_TRY IT_:
Repeat the stretch of entries below from the line with "Windows Tastenkombinationen: Strg-Y" through the line with "Daily Cash Flow Sheet ~ Excel Templates". Include both ends and add nothing.

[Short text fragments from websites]
· · · · ·

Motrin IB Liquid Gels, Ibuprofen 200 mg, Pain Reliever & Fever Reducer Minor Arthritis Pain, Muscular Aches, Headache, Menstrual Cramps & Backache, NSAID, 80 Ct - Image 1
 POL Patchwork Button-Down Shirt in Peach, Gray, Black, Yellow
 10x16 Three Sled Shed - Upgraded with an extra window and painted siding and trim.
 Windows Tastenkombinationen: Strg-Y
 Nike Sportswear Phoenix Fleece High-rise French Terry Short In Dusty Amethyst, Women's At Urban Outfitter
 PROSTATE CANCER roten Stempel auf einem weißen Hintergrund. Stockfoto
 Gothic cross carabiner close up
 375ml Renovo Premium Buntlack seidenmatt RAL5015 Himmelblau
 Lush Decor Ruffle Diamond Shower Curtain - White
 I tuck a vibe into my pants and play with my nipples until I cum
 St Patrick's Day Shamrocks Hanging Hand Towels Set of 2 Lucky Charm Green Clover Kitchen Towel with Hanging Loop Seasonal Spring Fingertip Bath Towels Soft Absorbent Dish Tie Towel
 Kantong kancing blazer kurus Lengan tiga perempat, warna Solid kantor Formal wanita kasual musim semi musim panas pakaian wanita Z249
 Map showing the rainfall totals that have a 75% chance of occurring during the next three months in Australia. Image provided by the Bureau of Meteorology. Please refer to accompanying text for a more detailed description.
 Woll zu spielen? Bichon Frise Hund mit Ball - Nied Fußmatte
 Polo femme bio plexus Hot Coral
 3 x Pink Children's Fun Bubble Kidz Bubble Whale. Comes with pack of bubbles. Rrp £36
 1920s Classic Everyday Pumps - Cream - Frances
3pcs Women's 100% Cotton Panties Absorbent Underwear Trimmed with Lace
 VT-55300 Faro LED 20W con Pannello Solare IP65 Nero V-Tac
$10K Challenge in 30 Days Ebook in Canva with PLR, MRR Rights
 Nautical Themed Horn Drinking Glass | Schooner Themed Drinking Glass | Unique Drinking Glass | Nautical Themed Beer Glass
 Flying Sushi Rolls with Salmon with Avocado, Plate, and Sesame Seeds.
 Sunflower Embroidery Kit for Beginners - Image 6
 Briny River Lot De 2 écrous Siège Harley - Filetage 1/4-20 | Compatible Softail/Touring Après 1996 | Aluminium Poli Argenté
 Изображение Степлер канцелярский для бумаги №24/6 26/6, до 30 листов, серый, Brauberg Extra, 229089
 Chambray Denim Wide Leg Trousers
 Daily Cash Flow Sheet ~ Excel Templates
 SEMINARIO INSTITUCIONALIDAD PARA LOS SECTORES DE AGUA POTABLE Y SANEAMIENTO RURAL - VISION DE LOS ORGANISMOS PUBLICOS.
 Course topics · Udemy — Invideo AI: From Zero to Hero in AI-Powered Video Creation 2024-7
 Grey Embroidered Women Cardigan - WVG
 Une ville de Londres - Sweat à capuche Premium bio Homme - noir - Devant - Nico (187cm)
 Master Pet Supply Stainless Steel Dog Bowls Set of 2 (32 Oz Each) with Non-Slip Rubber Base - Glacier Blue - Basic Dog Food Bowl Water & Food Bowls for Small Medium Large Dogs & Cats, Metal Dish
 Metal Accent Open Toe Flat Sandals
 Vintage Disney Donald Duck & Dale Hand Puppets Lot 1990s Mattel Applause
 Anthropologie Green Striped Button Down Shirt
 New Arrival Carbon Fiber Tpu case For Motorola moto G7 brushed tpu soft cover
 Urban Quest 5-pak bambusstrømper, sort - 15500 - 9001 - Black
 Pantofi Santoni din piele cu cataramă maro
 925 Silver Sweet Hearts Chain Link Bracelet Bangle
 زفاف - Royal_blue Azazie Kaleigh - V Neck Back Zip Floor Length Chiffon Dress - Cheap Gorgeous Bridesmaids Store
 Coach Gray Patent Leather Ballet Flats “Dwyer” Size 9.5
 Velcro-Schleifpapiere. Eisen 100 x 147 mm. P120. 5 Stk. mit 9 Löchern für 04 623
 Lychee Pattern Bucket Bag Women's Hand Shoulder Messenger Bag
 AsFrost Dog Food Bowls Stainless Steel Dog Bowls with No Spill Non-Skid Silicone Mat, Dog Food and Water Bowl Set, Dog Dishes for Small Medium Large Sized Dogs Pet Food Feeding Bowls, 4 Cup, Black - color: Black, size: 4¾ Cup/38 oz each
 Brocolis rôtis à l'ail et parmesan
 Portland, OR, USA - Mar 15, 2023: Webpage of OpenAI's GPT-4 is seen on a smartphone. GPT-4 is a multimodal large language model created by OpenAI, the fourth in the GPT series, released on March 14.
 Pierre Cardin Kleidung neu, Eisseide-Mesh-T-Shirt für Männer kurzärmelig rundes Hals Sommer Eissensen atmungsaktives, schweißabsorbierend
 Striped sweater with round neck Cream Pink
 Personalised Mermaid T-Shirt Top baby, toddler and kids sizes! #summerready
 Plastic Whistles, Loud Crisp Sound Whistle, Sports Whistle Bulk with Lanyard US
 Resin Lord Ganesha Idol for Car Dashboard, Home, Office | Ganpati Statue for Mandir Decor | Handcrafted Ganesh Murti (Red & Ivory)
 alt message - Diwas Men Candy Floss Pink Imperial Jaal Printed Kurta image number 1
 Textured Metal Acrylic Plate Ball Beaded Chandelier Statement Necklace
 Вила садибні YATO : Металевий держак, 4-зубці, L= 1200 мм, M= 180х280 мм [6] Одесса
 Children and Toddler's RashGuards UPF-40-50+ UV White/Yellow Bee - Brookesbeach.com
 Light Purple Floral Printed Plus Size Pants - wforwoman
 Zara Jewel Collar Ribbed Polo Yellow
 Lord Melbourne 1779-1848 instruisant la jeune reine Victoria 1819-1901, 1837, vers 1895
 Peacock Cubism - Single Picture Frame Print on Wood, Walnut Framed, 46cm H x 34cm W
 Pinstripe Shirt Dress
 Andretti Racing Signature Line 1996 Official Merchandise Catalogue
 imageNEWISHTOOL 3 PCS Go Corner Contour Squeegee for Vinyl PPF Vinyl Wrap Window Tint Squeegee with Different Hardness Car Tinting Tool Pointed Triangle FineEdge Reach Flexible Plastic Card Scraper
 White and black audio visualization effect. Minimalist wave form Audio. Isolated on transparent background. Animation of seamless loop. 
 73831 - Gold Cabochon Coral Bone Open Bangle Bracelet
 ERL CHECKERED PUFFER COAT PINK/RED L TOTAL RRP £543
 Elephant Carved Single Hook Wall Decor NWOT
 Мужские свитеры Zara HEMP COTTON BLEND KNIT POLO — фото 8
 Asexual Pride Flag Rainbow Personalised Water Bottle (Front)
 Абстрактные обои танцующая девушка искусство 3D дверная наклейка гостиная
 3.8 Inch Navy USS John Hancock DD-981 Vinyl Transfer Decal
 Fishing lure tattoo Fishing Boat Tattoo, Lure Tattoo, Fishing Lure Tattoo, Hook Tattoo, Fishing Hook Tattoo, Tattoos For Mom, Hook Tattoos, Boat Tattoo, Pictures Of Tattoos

· · · · ·

_FINAL ANSWER_:
 Windows Tastenkombinationen: Strg-Y
 Nike Sportswear Phoenix Fleece High-rise French Terry Short In Dusty Amethyst, Women's At Urban Outfitter
 PROSTATE CANCER roten Stempel auf einem weißen Hintergrund. Stockfoto
 Gothic cross carabiner close up
 375ml Renovo Premium Buntlack seidenmatt RAL5015 Himmelblau
 Lush Decor Ruffle Diamond Shower Curtain - White
 I tuck a vibe into my pants and play with my nipples until I cum
 St Patrick's Day Shamrocks Hanging Hand Towels Set of 2 Lucky Charm Green Clover Kitchen Towel with Hanging Loop Seasonal Spring Fingertip Bath Towels Soft Absorbent Dish Tie Towel
 Kantong kancing blazer kurus Lengan tiga perempat, warna Solid kantor Formal wanita kasual musim semi musim panas pakaian wanita Z249
 Map showing the rainfall totals that have a 75% chance of occurring during the next three months in Australia. Image provided by the Bureau of Meteorology. Please refer to accompanying text for a more detailed description.
 Woll zu spielen? Bichon Frise Hund mit Ball - Nied Fußmatte
 Polo femme bio plexus Hot Coral
 3 x Pink Children's Fun Bubble Kidz Bubble Whale. Comes with pack of bubbles. Rrp £36
 1920s Classic Everyday Pumps - Cream - Frances
3pcs Women's 100% Cotton Panties Absorbent Underwear Trimmed with Lace
 VT-55300 Faro LED 20W con Pannello Solare IP65 Nero V-Tac
$10K Challenge in 30 Days Ebook in Canva with PLR, MRR Rights
 Nautical Themed Horn Drinking Glass | Schooner Themed Drinking Glass | Unique Drinking Glass | Nautical Themed Beer Glass
 Flying Sushi Rolls with Salmon with Avocado, Plate, and Sesame Seeds.
 Sunflower Embroidery Kit for Beginners - Image 6
 Briny River Lot De 2 écrous Siège Harley - Filetage 1/4-20 | Compatible Softail/Touring Après 1996 | Aluminium Poli Argenté
 Изображение Степлер канцелярский для бумаги №24/6 26/6, до 30 листов, серый, Brauberg Extra, 229089
 Chambray Denim Wide Leg Trousers
 Daily Cash Flow Sheet ~ Excel Templates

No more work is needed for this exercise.